Warren Rourke/Hedley Twidle

13 September 2014

‘Synecdoche, Oran’:
The engaging absurdities of every kind of Sickness, as seen through the eyes of Albert Camus

Provided Quote:
“The Plague may be read in three different ways. It is at the same time a tale about an epidemic; a symbol of Nazi occupation (and incidentally the prefiguration of any totalitarian regime, no matter where), and thirdly, the concrete illustration of a metaphysical problem, that of evil.”
– Camus in his Notebooks

So, apparently, there is no need for us to commit the Intentional Fallacy in our reading of Camus’ La Peste (or The Plague); the author has already beaten us to it. If not ostensibly a purely philosophical writer, Camus at least did not seem to ever allow his novels to carry the same ambiguities of ethical interpretation that colour the work of such famed contemporaries as Andre Malraux, Marguerite Duras or even Jean-Paul Sartre. It’s hard to avoid what the particular plague in question ‘really means’ as we sift through the text itself. We are obliged to read it, as Camus did, as an allegory for existential humanism’s stand in the face of every form of absurd ‘terror’ in the mid- twentieth century. In fact, it is only its pedantically precise placing in the context of the Algerian 1940’s that prevents the text from straying into the domain of modern Fable. As such, we should indeed take Camus at his words and thus attempt to explicate his own three readings in their direct applicability to the text, though with one nuanced follow-up commentary to illuminate their inherent links. So, this essay’s task will be to systematically construct that analysis in a manner to match the gradual unfolding of Camus’ own ‘chronicle’: starting from a surface-study of the epidemic’s pure portrayal, moving through the political subtext that animates the town’s particular group of ‘resistance fighters’ and finally addressing the dialectical concerns that populate most of the novel’s dialogue with regards to its modern solution to the age-old Problem of Evil. Our overarching qualification will be that a fourth reading here is also possible: that is, a compressed understanding of all the first three in a single allegorical flourish that ‘short-circuits’ the universal and the particular and once again attempts to build the hopeful bridge from Fiction to Philosophy.

The lingering enigma, at least to my mind, in Camus’ construction of The Plague is his avowed insistence on the objective ‘existence’ of his novel’s central event. Dr.

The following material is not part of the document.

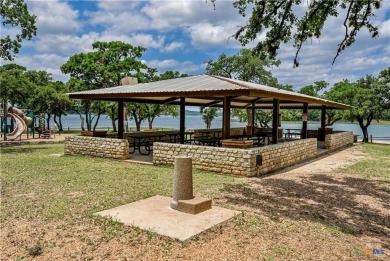 Flat CORNER lot. Utilities at street! Enjoy nearby amenities on Lago Vista Golf Club in Texas - for sale on GolfHomes.com, golf home, golf lot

Bernard Rieux’s ‘anonymous’ narration throughout the novel is taken especially seriously from the outset: “[A historian’s] business”, he declaims, “is only to say, ‘This is what happened’, when he knows that it actually did happen…” (1975: 7). And did a plague in the town of Oran actually occur in ‘194-’? Well, not as such, but a fictional one does break in this novel to such a detailed extent that the reader is made able to accept Rieux’s narrative as a kind of honorary public document. In a sense, we come to trust the accuracy of his devoted empiricism more than we would a subjective ‘true story’ regaling of any similar tragedy. Camus signifies his intent in this regard by his choice of epigraph:

“It is as reasonable to represent one kind of imprisonment by another, as it is to represent anything that really exists by that which exists not”- Daniel Defoe, 17th-century author of A Journal of the Plague Year (3)

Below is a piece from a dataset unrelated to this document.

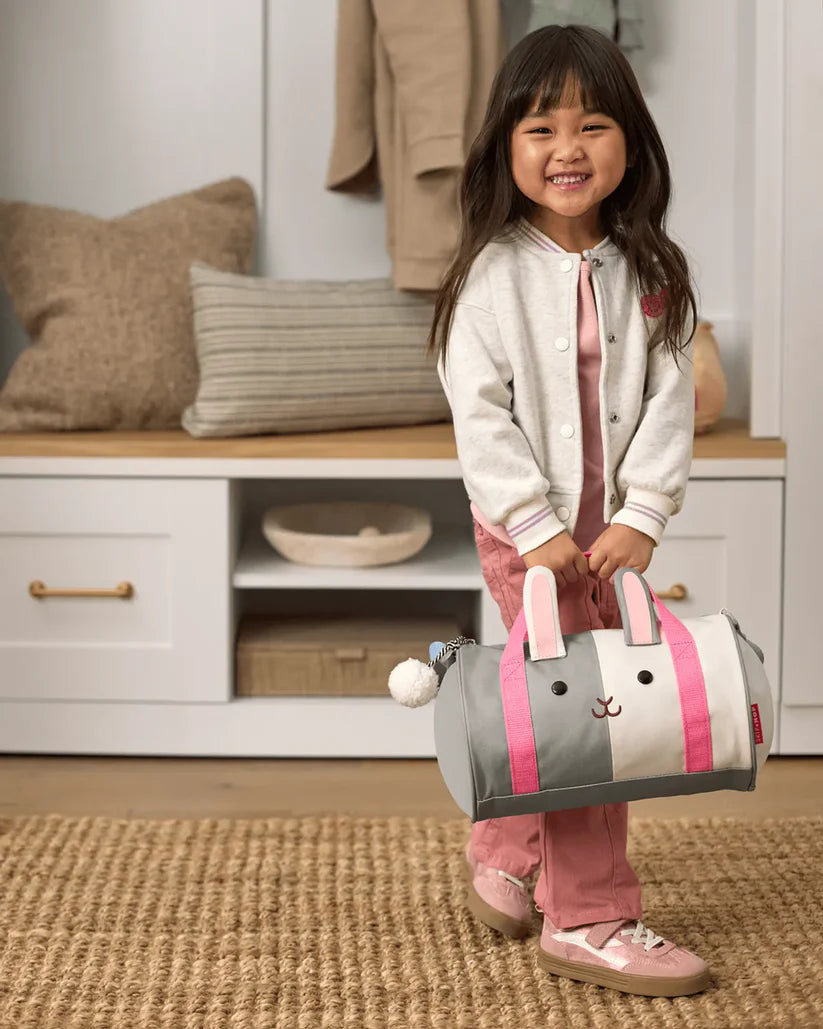 Kids' Duffimals Duffel Bag - Bunny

That is to say – in my understanding of it – that The Plague’s metaphorical representation of communal ‘imprisonment’ is not lessened in power by its state as a fiction, as a story ‘which exists not’ (Quite the opposite in fact, in this case). At the level of prose, this innate drive for ‘historical’ facticity is achieved through a certain obsessive clarity of depiction: a style that soon seems reminiscent of the concurrent brand of detective fiction so often labeled ‘existential’ in tone1. “I’d come to realize that all our troubles spring from our failure to use plain, clean-cut language” (207) states Tarrou in his late ‘confession’ to Rieux; an epigram that surely stands, amongst so many others, for Camus’ own opinion (this example being almost pseudo- Orwellian). It certainly describes his preferred style for this novel, evident in such a classically matter-of-fact sentence as “Thus each of us had to be content to live only for the day, alone under the vast indifference of the sky.” (63) Allied to this newfound ‘truthfulness’ in language is a conscious attempt to redefine, for our self-aware times, the very concept of such an attempted record as Rieux’s. As the good doctor humbly admits, “[he is] well aware how regrettable is his inability to record … something of a really spectacular order; some heroic feat, or memorable deed like those that thrill us in the chronicles of the past.” (148, italics mine) To write such a ‘thrilling chronicle’ of Oran’s plague year would constitute, in Camus’ eyes, a gross error of escapism. Instead, this relatively ‘unheroic’, ‘uneventful’ and wholly systematic tale of the arbitrary isolation of a town is ultimately true to life, the world and the real history of such epidemics. Having consecrated this foundation of reliable portrayal, Camus’ attention – and, implicitly, the reader’s – is quickly turned to the text’s more allegorical portents.

In almost every overview of The Plague’s direct interpretations- including Camus’ own- a strict equation is first made between Oran’s experience of pestilence and France’s ‘Vichy’-era under Nazi occupation. Why do we- and should we- make this contextual presumption? Because novels are, of course, never written in a vacuum,

1 The thematic links between Camus and Sartre’s existential heroes and the likes of Raymond Chandler’s ‘absurdist’ detective Philip Marlowe (both invented in the 1930’s and 40’s) are many and profusely theorized upon in other, better analyses.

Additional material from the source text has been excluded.